** AVAILABLE RECORDS **
::::
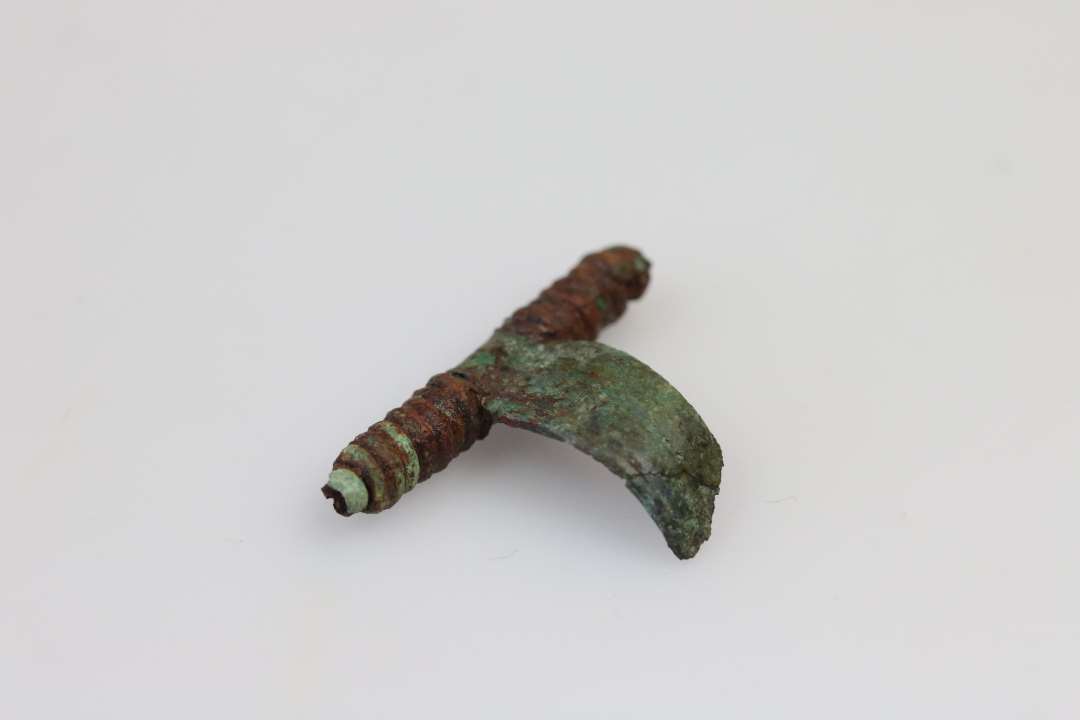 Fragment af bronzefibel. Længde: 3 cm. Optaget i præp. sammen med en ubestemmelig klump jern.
::::
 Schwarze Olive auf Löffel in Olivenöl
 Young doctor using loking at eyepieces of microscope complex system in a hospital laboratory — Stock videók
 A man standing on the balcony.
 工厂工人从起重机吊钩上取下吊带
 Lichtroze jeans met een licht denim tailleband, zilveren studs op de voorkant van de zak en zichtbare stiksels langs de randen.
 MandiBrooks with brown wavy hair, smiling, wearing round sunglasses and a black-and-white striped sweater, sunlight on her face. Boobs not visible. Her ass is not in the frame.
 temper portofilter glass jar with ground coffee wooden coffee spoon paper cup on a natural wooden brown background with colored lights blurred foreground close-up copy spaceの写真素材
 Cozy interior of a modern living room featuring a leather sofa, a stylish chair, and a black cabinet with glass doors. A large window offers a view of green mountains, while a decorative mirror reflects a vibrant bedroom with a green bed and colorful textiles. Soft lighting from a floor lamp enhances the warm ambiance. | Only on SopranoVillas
::::
** ACTIVITY **
Look through the data above and return exactly the lines from the one that contains "工厂工人从起重机吊钩上取下吊带" to the one that contains "MandiBrooks with brown", inclusive, with nothing else.

** EXPECTED ANSWER **
 工厂工人从起重机吊钩上取下吊带
 Lichtroze jeans met een licht denim tailleband, zilveren studs op de voorkant van de zak en zichtbare stiksels langs de randen.
 MandiBrooks with brown wavy hair, smiling, wearing round sunglasses and a black-and-white striped sweater, sunlight on her face. Boobs not visible. Her ass is not in the frame.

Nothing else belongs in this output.